While this year’s 17 per cent drop in the S&P 500 and 30 per cent fall in the Nasdaq has proved a welcome relief, a declining stock market still carries dangers for short sellers whose pitch to investors rests on their ability to identify the weakest companies.
After the golden opportunity presented by the collapse in highly priced speculative stocks this year — Goldman Sachs’s non-profitable technology index is down 60 per cent in 2022 — finding new short trades has become tougher.
Jacob Mitchell, founder of Antipodes Partners, which manages around $7bn in assets, said his fund enjoyed its best six-month period for short selling profits in the first half of this year since launching seven and a half years ago. “The shorts that worked kept on working,” he said.
But he added: “Now, it’s not as obvious. You can’t say ‘this is a slam-dunk short.’”
Managers have also had to contend with vicious bear market rallies, which can shake them out of their positions. The Nasdaq rebounded 23 per cent from mid-June to mid-August and gained 8 per cent in a week in early November.
“For the first time since this bear market began, [the] most shorted [European] names are having a proper rally and are causing major discomfort in short cash books,” Morgan Stanley’s investment bank said in a note to clients in early November seen by the Financial Times.
“You have to have nerves and be able to hold the position because the short covering is very fierce,” said Anaconda’s Saleur, referring to when short sellers scramble to buy back shares during a rally to limit losses.
While many stocks have fallen this year, their moves have increasingly become correlated with the S&P 500, meaning managers are more exposed to overall index level moves.
Correlation between the S&P 500 and its member stocks has risen sharply this year, according to Bloomberg data. That has often made life difficult for funds running so-called pairs trades — a bet on one stock rising matched with a bet on another falling, often in the same sector.
Hedge fund Sandbar recently wrote to investors to highlight “how broad-based and one-directional moves have been in markets on so many days this year”, which has been “unhelpful” for funds trading pairs.
That has all served to erode short sellers’ profits in the bear market.
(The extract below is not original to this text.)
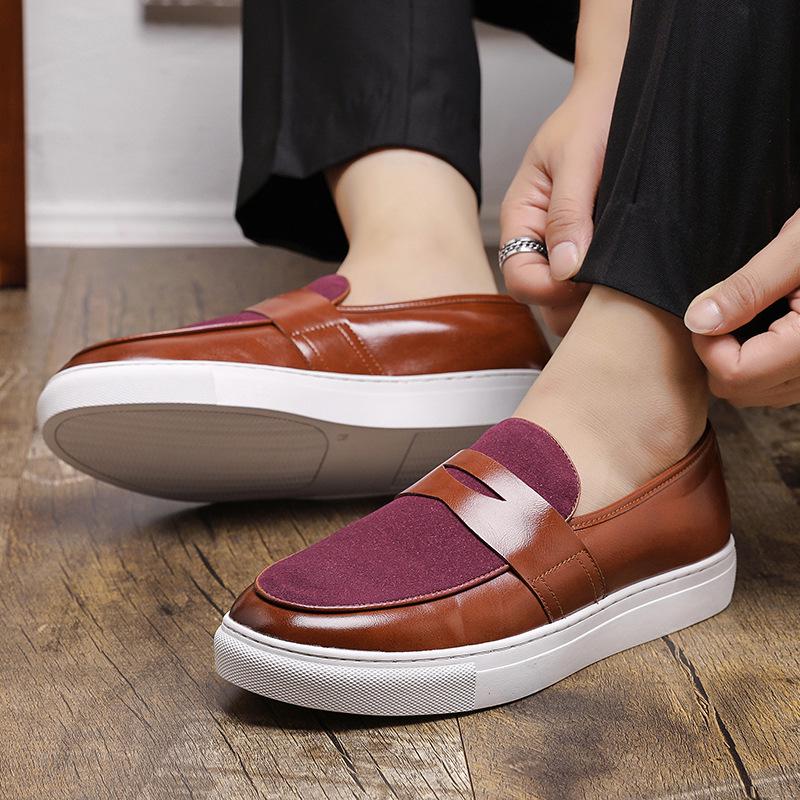 Mocassins Masculinos de Couro Estilo Britânico Tamanho Plus para Uso Casual de Negócios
While the Goldman Sachs Hedge Fund Short VIP index of funds’ favoured short ideas is down 11 per cent this year, yielding gains for managers, that is less than the fall in the S&P index, indicating funds did not pick the best stocks to bet against.
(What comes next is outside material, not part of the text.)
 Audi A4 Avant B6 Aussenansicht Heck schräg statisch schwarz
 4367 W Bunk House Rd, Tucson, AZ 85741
BlackRock star manager Alister Hibbert, one of the top-performing long-short traders, shifted his fund this year to be positioned for falling stocks but has still lost around 12.7 per cent in the period, according to people familiar with the numbers.
Eric Sturdza’s Crawford said he had recently been holding his positions for a shorter period as a way of coping with market volatility.
“Eighty per cent of the time, shorting does not work,” he said. “Twenty per cent of the time, if you’re good at it, it does.”
With plenty forecasting that 2023 will be another lacklustre one for stock markets, short sellers will be under pressure to prove they can emerge as one of the few winners.